Als der israelische Aktivist und Filmemacher Udo Aloni zum Mikrofon eilte und dort als Jude, der Israel liebe, aber dessen Politik rassistisch finde und er sich von Deutschen nicht sagen lasse, was er als Jude zu sagen habe, da kam es zum absoluten Tumult, bei dem die "zionistischen Schrei-Horden" diese "Feindes-Juden" niederschrieen. Der ehemalige nordrhein-westfälische Kulturminister und heutige Vorsitzender des Freundeskreises Ruhrtriennale, Michael Vesper, offenbart sein eklatantes Unwissen, denn er meint doch tatsächlich, dass sich die Assoziation "kauft nicht beim Juden" nicht verdrängen lässt. Ebenso unwissend ein hilfloser und überforderter Moderator, der Ex-Bundestagspräsident Lammert ließ schließlich alles laufen. Es war ein schwarzer Tag für die Meinungsfreiheit, in Deutschland. (1)

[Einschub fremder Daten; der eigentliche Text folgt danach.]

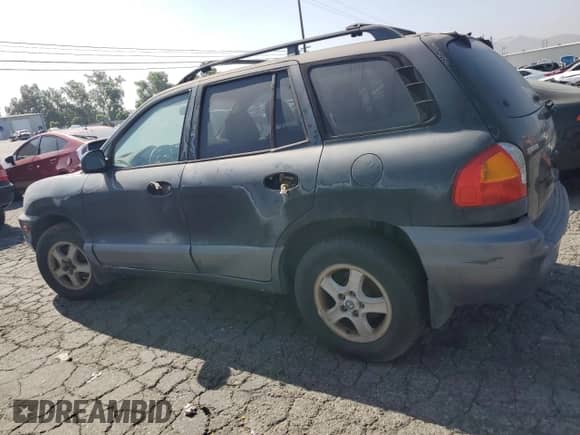 2003 Hyundai Santa Fe GLS z VIN KM8SC13D93U368285, wystawiony jako Copart lot #62008835 z przebiegiem 281 403 mil mil oraz Czysty tytuł • Clean title. Historia ofert i sprzedaży dostępna na DreamBid. Obrazek 2.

Ende der Demokratie und aller von der Verfassung gestützter Werte
Wenn es tatsächlich schon so weit ist, dass es für so unbedeutende Israel-Lobbyistinnen wie Malca Goldstein-Wolf, die von einer ehemaligen “christlichen Zionistin“ zum Judentum konvertierte(!), mit Protestbriefen – wie jetzt gegen Stefanie Carp und früher mit ihrer Intervention beim WDR-Intendanten Buhrow gegen Roger Waters – möglich ist, die Deutungshoheit über die Antisemitismus-Debatte zu übernehmen und Israel-Kritiker zu verleumden, dann ist das das Ende der Demokratie und aller von der Verfassung gestützter Werte. (2)
Auch Björn Gottstein, der Leiter der legendären SWR-Donaueschinger Musiktage in meinem Bundesland Baden-Württemberg hat dem renommierten deutsch-britischen Komponisten Wieland Hoban die Aufführung einer Komposition abgelehnt, die sich unter dem Titel "Rules of engagement I und II, mit Israels Angriff auf Gaza 2008-2009 beschäftigt und schon 2013 und 2014 vor einem kleineren Publikum in Berlin, damals noch ohne Kontroversen, aufgeführt wurde. Gottstein lehnte die Aufführung mit der skandalösen Begründung ab, dass er keine Kritik an Israel auf dem Festival dulde und das Aufführen eines Stückes im Programm, das solche Kritik enthalte, nicht zulassen würde. Am 15. August veröffentlichte Hoban daraufhin einen offenen Brief der innerhalb weniger Tage mehr als 180 Unterzeichner hatte, meist von Komponisten, Interpreten und Musikwissenschaftlern und prominenten Persönlichkeiten wie Noam Chomsky, Norman Finkelstein, Ilan Pappe, Sara Roy und Avi Shlaim, Dror Feiler, Roger Waters und Esther Bejerano. Auch eine Online-Petition, in der der SWR aufgefordert wird, seine Zensur-Politik, wenn es um Israel geht, zu beenden. Auch palästinensische Themen und deren Rechte sollten in geeigneter Form in den Programmen des (öffentlich-rechtlichen!!) Senders SWR und auch bei den Musiktagen präsent sein. Der Sender sollte dafür sorgen, dass Wieland Hoban durch seine mutige Haltung keine beruflichen oder sonstigen Nachteile erleidet. Alle Versuche blieben zwecklos, Gottstein blieb weiter kompromisslos, gegen den Komponisten. (3)(4)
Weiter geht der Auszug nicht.